[Your instructions]
Could you copy out all of the records below exactly, leaving out every picture?

[Input for this task]
=== Begin Enclosure ===

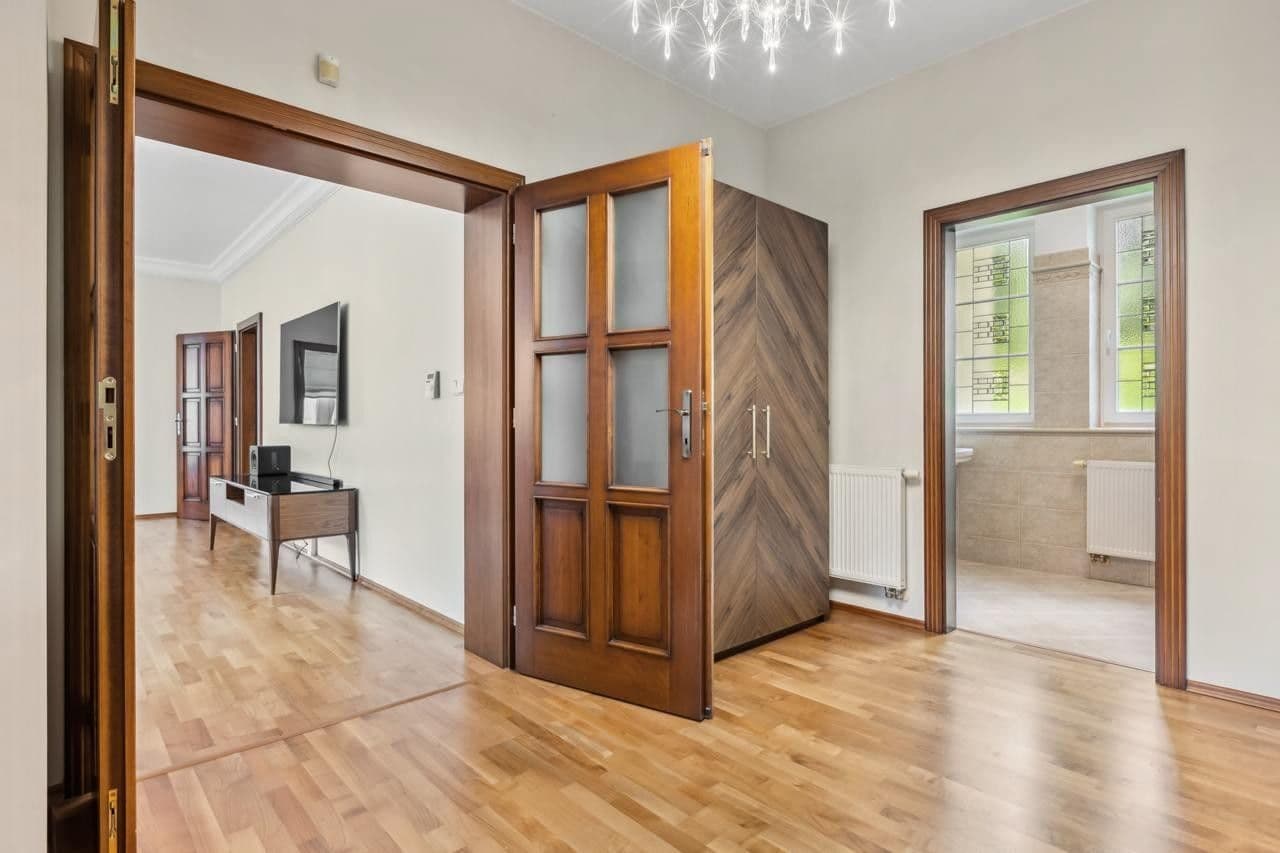 Prodej bytu 4+1 130 m², Nebozízek, Karlovy Vary, Karlovarský kraj Prodej bytu 4+1 130 m², Nebozízek, Karlovy Vary, Karlovarský kraj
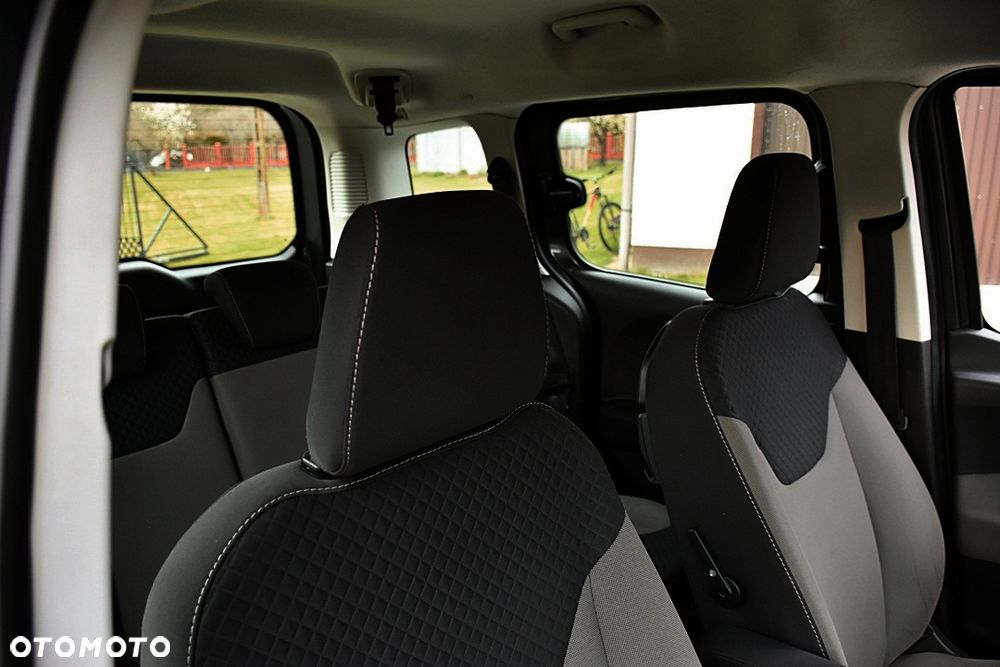 Ford Tourneo Courier 1.5 TDCi Trend - 27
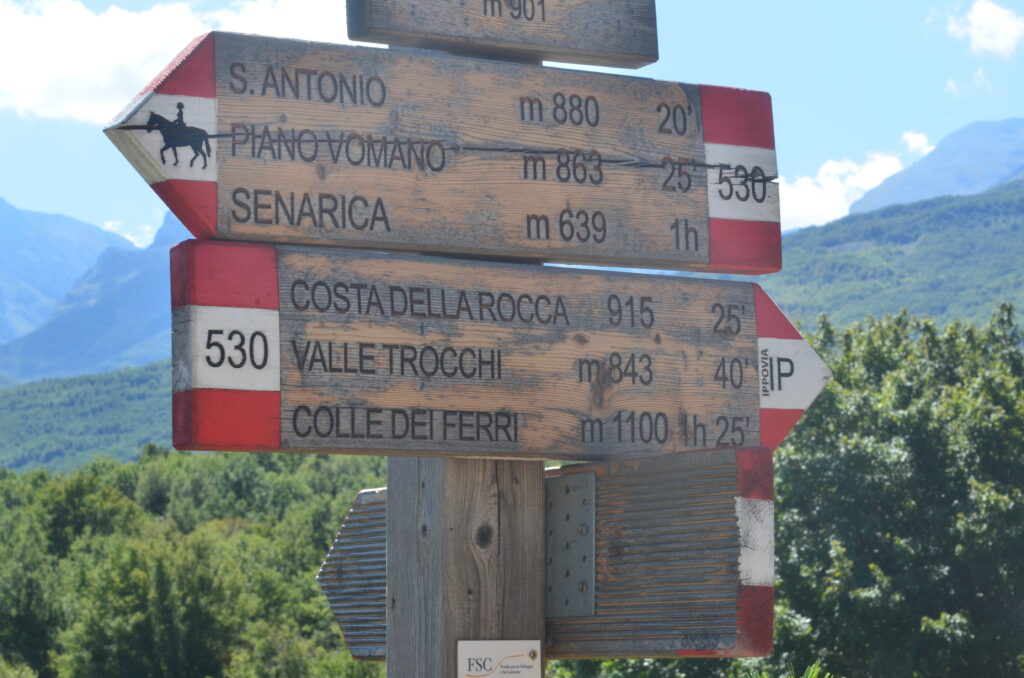 Segnaletica verticale dei sentieri nella zona di Piano Vomano (Crognaleto TE) sui Monti della Laga – foto N.Olivieri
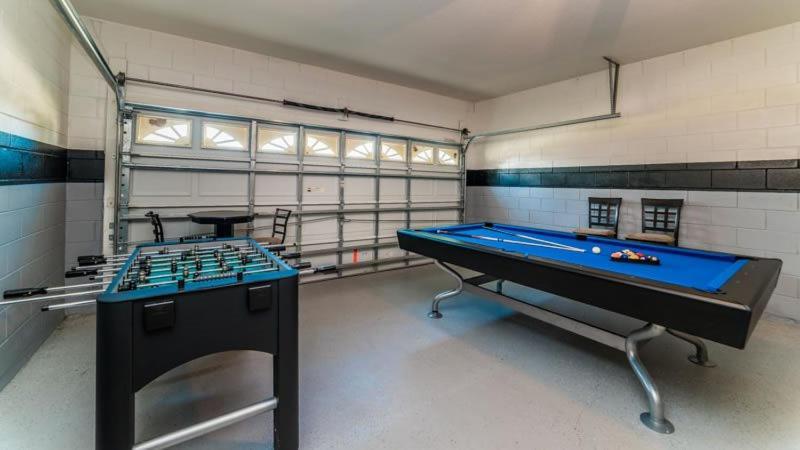 Holiday home Elegant 4 Bedroom With South Facing Pool In Kissimmee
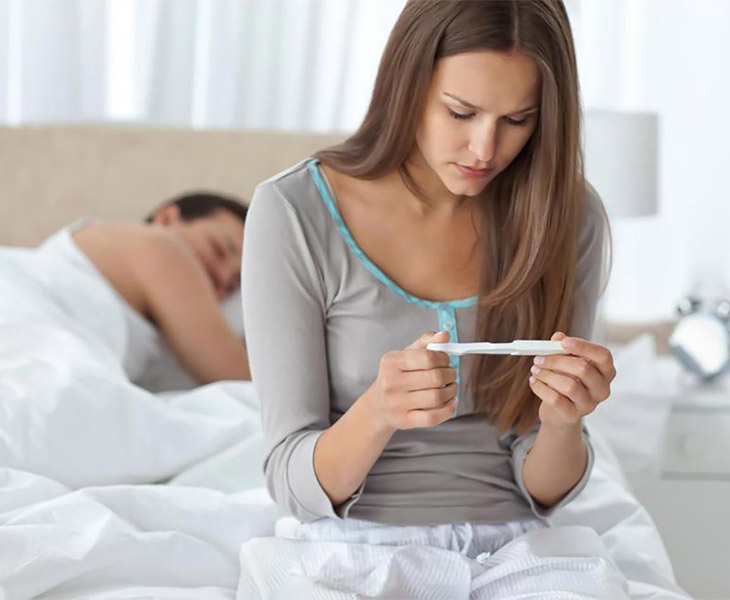 Viêm âm đạo ra mủ không sớm điều trị có thể làm gia tăng nguy cơ vô sinh ở nữ giới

=== End Enclosure ===

[Response area]
 Prodej bytu 4+1 130 m², Nebozízek, Karlovy Vary, Karlovarský kraj Prodej bytu 4+1 130 m², Nebozízek, Karlovy Vary, Karlovarský kraj
 Ford Tourneo Courier 1.5 TDCi Trend - 27
 Segnaletica verticale dei sentieri nella zona di Piano Vomano (Crognaleto TE) sui Monti della Laga – foto N.Olivieri
 Holiday home Elegant 4 Bedroom With South Facing Pool In Kissimmee
 Viêm âm đạo ra mủ không sớm điều trị có thể làm gia tăng nguy cơ vô sinh ở nữ giới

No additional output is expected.